> AVAILABLE DATA:
------------

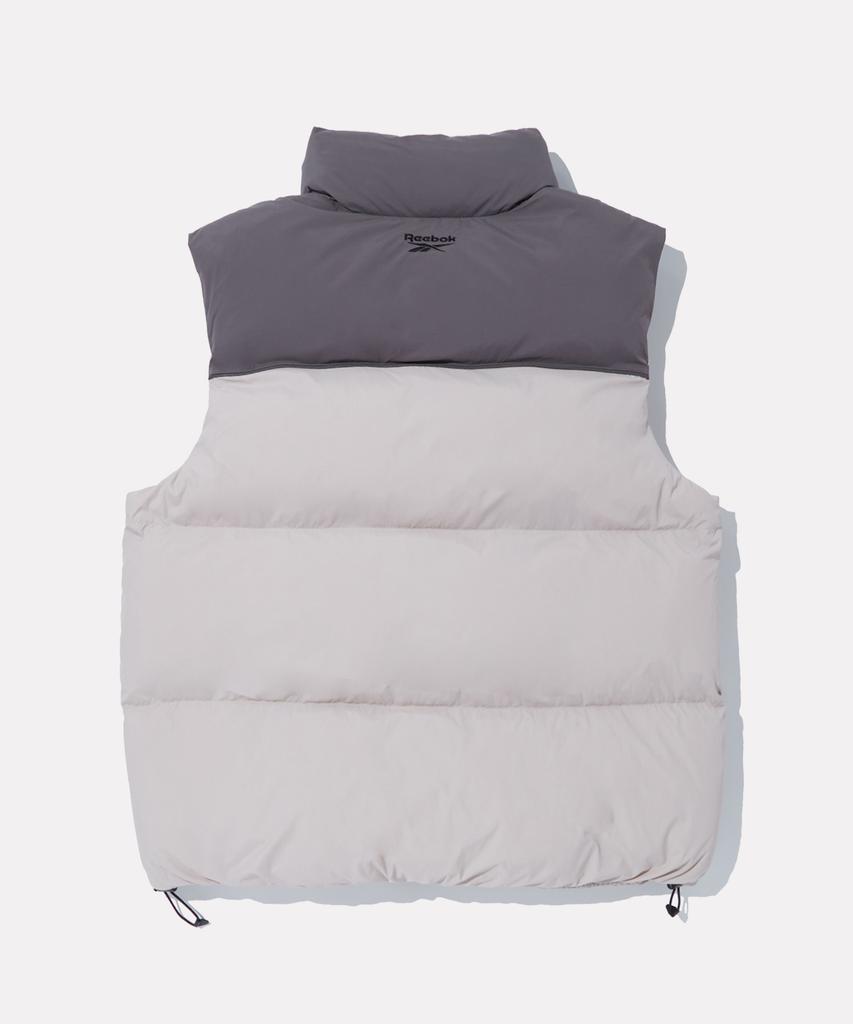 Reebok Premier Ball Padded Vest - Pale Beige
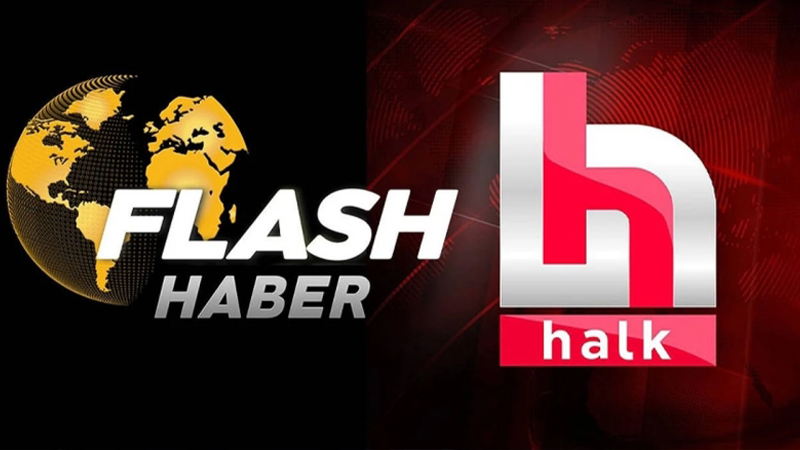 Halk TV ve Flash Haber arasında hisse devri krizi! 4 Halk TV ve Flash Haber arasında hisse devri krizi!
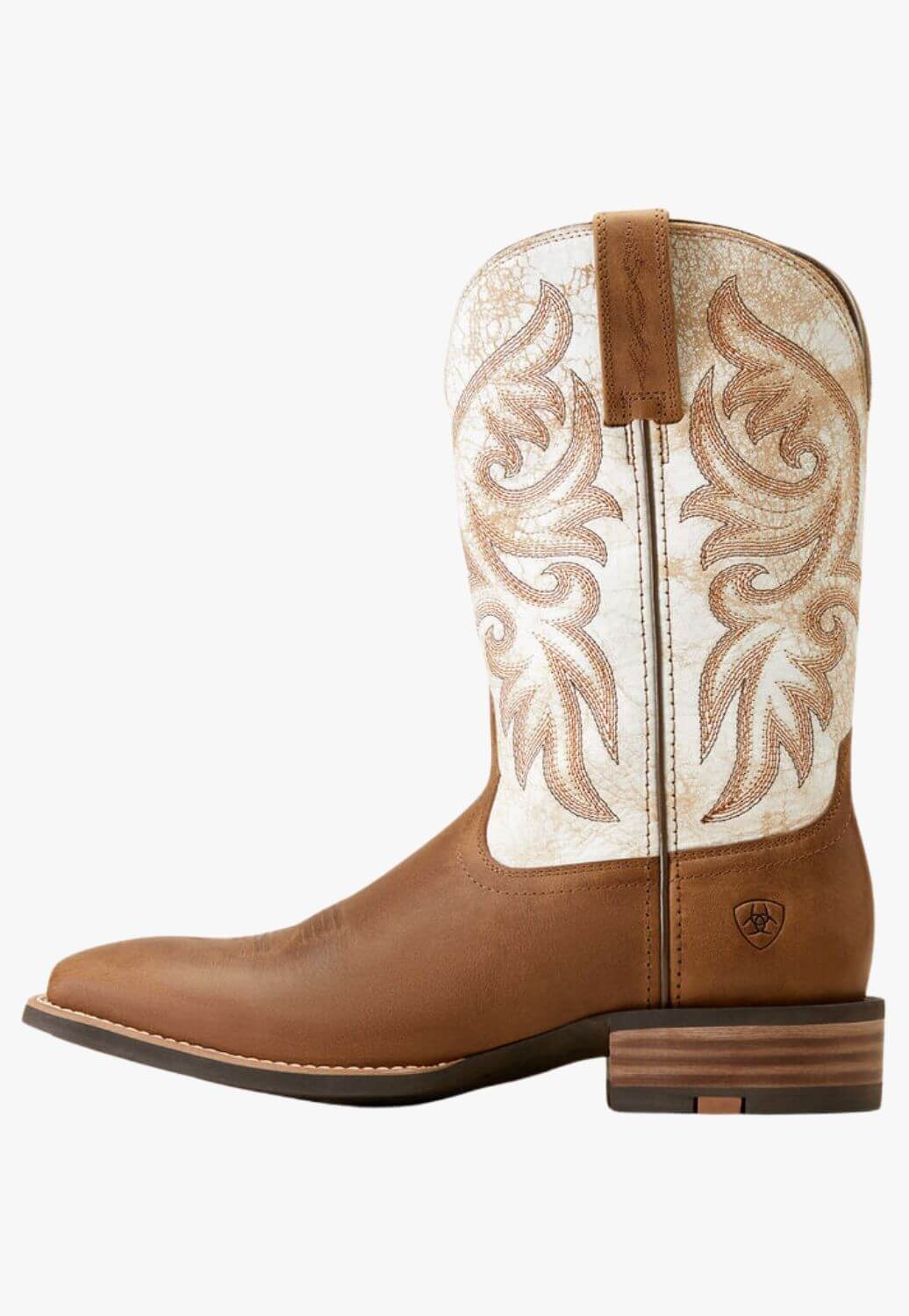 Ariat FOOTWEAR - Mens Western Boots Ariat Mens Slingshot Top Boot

------------

> WHAT YOU SHOULD DO: Transcribe the data exactly, minus any images.

> RESPONSE TO THIS TASK:
 Reebok Premier Ball Padded Vest - Pale Beige
 Halk TV ve Flash Haber arasında hisse devri krizi! 4 Halk TV ve Flash Haber arasında hisse devri krizi!
 Ariat FOOTWEAR - Mens Western Boots Ariat Mens Slingshot Top Boot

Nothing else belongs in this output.